*** Excerpted data ***

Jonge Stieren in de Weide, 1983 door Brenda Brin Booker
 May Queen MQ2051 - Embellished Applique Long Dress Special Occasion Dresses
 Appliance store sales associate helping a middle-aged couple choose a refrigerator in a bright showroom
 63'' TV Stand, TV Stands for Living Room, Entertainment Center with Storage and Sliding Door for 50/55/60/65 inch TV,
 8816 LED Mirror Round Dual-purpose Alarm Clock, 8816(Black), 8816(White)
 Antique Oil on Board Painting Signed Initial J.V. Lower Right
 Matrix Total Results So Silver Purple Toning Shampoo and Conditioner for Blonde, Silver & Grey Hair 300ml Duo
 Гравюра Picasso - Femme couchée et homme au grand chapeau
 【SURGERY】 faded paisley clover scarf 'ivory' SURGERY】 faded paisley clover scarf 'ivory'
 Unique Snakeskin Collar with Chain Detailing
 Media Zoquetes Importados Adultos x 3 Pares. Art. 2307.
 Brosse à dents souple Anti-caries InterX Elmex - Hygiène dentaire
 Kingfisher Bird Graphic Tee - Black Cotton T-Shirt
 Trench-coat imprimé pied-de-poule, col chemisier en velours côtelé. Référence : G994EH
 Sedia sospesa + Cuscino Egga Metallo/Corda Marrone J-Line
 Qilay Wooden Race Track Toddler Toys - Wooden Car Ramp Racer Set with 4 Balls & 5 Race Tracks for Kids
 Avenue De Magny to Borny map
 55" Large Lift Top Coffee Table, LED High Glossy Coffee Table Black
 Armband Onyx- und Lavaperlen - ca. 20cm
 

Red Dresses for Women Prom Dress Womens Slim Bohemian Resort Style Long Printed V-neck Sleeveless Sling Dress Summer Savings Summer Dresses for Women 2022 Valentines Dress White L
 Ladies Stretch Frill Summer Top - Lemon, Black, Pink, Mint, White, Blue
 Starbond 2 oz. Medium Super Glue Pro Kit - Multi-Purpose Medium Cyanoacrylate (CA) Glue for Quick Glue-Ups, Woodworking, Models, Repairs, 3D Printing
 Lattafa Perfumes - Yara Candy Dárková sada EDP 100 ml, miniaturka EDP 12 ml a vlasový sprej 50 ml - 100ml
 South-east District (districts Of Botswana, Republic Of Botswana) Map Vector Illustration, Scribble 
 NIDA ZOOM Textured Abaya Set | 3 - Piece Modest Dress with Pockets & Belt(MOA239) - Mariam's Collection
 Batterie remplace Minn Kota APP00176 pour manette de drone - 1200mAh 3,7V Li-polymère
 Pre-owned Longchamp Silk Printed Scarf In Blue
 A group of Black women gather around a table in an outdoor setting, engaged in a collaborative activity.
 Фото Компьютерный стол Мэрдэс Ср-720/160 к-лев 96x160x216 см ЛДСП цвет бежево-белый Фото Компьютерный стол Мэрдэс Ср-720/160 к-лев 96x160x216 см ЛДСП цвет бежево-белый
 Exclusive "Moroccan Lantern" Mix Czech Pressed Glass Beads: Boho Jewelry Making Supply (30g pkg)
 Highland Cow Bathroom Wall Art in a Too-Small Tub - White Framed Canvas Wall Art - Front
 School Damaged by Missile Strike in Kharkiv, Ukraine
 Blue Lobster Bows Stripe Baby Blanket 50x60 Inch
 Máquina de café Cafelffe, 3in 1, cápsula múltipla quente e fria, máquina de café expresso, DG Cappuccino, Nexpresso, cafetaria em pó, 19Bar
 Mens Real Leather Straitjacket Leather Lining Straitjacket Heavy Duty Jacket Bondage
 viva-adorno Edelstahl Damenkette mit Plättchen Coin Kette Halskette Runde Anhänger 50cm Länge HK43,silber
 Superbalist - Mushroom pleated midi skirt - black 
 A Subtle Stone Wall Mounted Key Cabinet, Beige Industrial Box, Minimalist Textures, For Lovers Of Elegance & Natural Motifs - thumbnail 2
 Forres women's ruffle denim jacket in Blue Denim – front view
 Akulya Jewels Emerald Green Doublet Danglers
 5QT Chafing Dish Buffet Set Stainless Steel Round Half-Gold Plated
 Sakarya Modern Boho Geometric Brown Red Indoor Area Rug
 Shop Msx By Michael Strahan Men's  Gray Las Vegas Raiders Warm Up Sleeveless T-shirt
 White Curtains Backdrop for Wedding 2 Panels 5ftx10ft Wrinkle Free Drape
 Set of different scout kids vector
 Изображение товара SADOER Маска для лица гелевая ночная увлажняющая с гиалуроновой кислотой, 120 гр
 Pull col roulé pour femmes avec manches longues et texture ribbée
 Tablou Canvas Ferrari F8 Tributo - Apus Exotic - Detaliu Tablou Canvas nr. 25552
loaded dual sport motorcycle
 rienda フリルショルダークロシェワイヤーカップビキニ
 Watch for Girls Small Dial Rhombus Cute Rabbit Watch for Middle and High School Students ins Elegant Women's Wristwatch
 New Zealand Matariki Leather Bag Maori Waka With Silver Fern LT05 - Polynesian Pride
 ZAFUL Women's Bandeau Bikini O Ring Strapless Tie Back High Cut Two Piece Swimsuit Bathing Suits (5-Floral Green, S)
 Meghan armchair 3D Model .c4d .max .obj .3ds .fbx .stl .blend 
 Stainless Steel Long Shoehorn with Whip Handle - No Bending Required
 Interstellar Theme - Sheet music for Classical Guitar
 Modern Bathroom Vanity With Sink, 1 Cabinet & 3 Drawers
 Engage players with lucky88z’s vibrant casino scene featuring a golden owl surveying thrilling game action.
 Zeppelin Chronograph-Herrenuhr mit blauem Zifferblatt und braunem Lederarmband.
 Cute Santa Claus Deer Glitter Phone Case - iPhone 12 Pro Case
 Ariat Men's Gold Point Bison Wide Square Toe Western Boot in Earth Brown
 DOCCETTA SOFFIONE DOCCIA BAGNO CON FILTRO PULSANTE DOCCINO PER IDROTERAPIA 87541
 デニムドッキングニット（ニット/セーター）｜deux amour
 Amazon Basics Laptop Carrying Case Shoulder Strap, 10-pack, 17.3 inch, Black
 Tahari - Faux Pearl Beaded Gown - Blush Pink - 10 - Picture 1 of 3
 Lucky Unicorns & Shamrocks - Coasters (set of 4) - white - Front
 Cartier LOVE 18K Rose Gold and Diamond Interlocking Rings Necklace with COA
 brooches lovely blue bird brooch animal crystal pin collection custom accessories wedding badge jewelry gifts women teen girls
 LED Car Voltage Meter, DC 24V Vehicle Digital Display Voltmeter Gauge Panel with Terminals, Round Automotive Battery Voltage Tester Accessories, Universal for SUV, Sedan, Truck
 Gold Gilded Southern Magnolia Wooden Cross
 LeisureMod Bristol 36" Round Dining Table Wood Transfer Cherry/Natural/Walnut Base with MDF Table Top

***

Try it:
With every line intact, print the records above again.

Exercise result:
Jonge Stieren in de Weide, 1983 door Brenda Brin Booker
 May Queen MQ2051 - Embellished Applique Long Dress Special Occasion Dresses
 Appliance store sales associate helping a middle-aged couple choose a refrigerator in a bright showroom
 63'' TV Stand, TV Stands for Living Room, Entertainment Center with Storage and Sliding Door for 50/55/60/65 inch TV,
 8816 LED Mirror Round Dual-purpose Alarm Clock, 8816(Black), 8816(White)
 Antique Oil on Board Painting Signed Initial J.V. Lower Right
 Matrix Total Results So Silver Purple Toning Shampoo and Conditioner for Blonde, Silver & Grey Hair 300ml Duo
 Гравюра Picasso - Femme couchée et homme au grand chapeau
 【SURGERY】 faded paisley clover scarf 'ivory' SURGERY】 faded paisley clover scarf 'ivory'
 Unique Snakeskin Collar with Chain Detailing
 Media Zoquetes Importados Adultos x 3 Pares. Art. 2307.
 Brosse à dents souple Anti-caries InterX Elmex - Hygiène dentaire
 Kingfisher Bird Graphic Tee - Black Cotton T-Shirt
 Trench-coat imprimé pied-de-poule, col chemisier en velours côtelé. Référence : G994EH
 Sedia sospesa + Cuscino Egga Metallo/Corda Marrone J-Line
 Qilay Wooden Race Track Toddler Toys - Wooden Car Ramp Racer Set with 4 Balls & 5 Race Tracks for Kids
 Avenue De Magny to Borny map
 55" Large Lift Top Coffee Table, LED High Glossy Coffee Table Black
 Armband Onyx- und Lavaperlen - ca. 20cm
 

Red Dresses for Women Prom Dress Womens Slim Bohemian Resort Style Long Printed V-neck Sleeveless Sling Dress Summer Savings Summer Dresses for Women 2022 Valentines Dress White L
 Ladies Stretch Frill Summer Top - Lemon, Black, Pink, Mint, White, Blue
 Starbond 2 oz. Medium Super Glue Pro Kit - Multi-Purpose Medium Cyanoacrylate (CA) Glue for Quick Glue-Ups, Woodworking, Models, Repairs, 3D Printing
 Lattafa Perfumes - Yara Candy Dárková sada EDP 100 ml, miniaturka EDP 12 ml a vlasový sprej 50 ml - 100ml
 South-east District (districts Of Botswana, Republic Of Botswana) Map Vector Illustration, Scribble 
 NIDA ZOOM Textured Abaya Set | 3 - Piece Modest Dress with Pockets & Belt(MOA239) - Mariam's Collection
 Batterie remplace Minn Kota APP00176 pour manette de drone - 1200mAh 3,7V Li-polymère
 Pre-owned Longchamp Silk Printed Scarf In Blue
 A group of Black women gather around a table in an outdoor setting, engaged in a collaborative activity.
 Фото Компьютерный стол Мэрдэс Ср-720/160 к-лев 96x160x216 см ЛДСП цвет бежево-белый Фото Компьютерный стол Мэрдэс Ср-720/160 к-лев 96x160x216 см ЛДСП цвет бежево-белый
 Exclusive "Moroccan Lantern" Mix Czech Pressed Glass Beads: Boho Jewelry Making Supply (30g pkg)
 Highland Cow Bathroom Wall Art in a Too-Small Tub - White Framed Canvas Wall Art - Front
 School Damaged by Missile Strike in Kharkiv, Ukraine
 Blue Lobster Bows Stripe Baby Blanket 50x60 Inch
 Máquina de café Cafelffe, 3in 1, cápsula múltipla quente e fria, máquina de café expresso, DG Cappuccino, Nexpresso, cafetaria em pó, 19Bar
 Mens Real Leather Straitjacket Leather Lining Straitjacket Heavy Duty Jacket Bondage
 viva-adorno Edelstahl Damenkette mit Plättchen Coin Kette Halskette Runde Anhänger 50cm Länge HK43,silber
 Superbalist - Mushroom pleated midi skirt - black 
 A Subtle Stone Wall Mounted Key Cabinet, Beige Industrial Box, Minimalist Textures, For Lovers Of Elegance & Natural Motifs - thumbnail 2
 Forres women's ruffle denim jacket in Blue Denim – front view
 Akulya Jewels Emerald Green Doublet Danglers
 5QT Chafing Dish Buffet Set Stainless Steel Round Half-Gold Plated
 Sakarya Modern Boho Geometric Brown Red Indoor Area Rug
 Shop Msx By Michael Strahan Men's  Gray Las Vegas Raiders Warm Up Sleeveless T-shirt
 White Curtains Backdrop for Wedding 2 Panels 5ftx10ft Wrinkle Free Drape
 Set of different scout kids vector
 Изображение товара SADOER Маска для лица гелевая ночная увлажняющая с гиалуроновой кислотой, 120 гр
 Pull col roulé pour femmes avec manches longues et texture ribbée
 Tablou Canvas Ferrari F8 Tributo - Apus Exotic - Detaliu Tablou Canvas nr. 25552
loaded dual sport motorcycle
 rienda フリルショルダークロシェワイヤーカップビキニ
 Watch for Girls Small Dial Rhombus Cute Rabbit Watch for Middle and High School Students ins Elegant Women's Wristwatch
 New Zealand Matariki Leather Bag Maori Waka With Silver Fern LT05 - Polynesian Pride
 ZAFUL Women's Bandeau Bikini O Ring Strapless Tie Back High Cut Two Piece Swimsuit Bathing Suits (5-Floral Green, S)
 Meghan armchair 3D Model .c4d .max .obj .3ds .fbx .stl .blend 
 Stainless Steel Long Shoehorn with Whip Handle - No Bending Required
 Interstellar Theme - Sheet music for Classical Guitar
 Modern Bathroom Vanity With Sink, 1 Cabinet & 3 Drawers
 Engage players with lucky88z’s vibrant casino scene featuring a golden owl surveying thrilling game action.
 Zeppelin Chronograph-Herrenuhr mit blauem Zifferblatt und braunem Lederarmband.
 Cute Santa Claus Deer Glitter Phone Case - iPhone 12 Pro Case
 Ariat Men's Gold Point Bison Wide Square Toe Western Boot in Earth Brown
 DOCCETTA SOFFIONE DOCCIA BAGNO CON FILTRO PULSANTE DOCCINO PER IDROTERAPIA 87541
 デニムドッキングニット（ニット/セーター）｜deux amour
 Amazon Basics Laptop Carrying Case Shoulder Strap, 10-pack, 17.3 inch, Black
 Tahari - Faux Pearl Beaded Gown - Blush Pink - 10 - Picture 1 of 3
 Lucky Unicorns & Shamrocks - Coasters (set of 4) - white - Front
 Cartier LOVE 18K Rose Gold and Diamond Interlocking Rings Necklace with COA
 brooches lovely blue bird brooch animal crystal pin collection custom accessories wedding badge jewelry gifts women teen girls
 LED Car Voltage Meter, DC 24V Vehicle Digital Display Voltmeter Gauge Panel with Terminals, Round Automotive Battery Voltage Tester Accessories, Universal for SUV, Sedan, Truck
 Gold Gilded Southern Magnolia Wooden Cross
 LeisureMod Bristol 36" Round Dining Table Wood Transfer Cherry/Natural/Walnut Base with MDF Table Top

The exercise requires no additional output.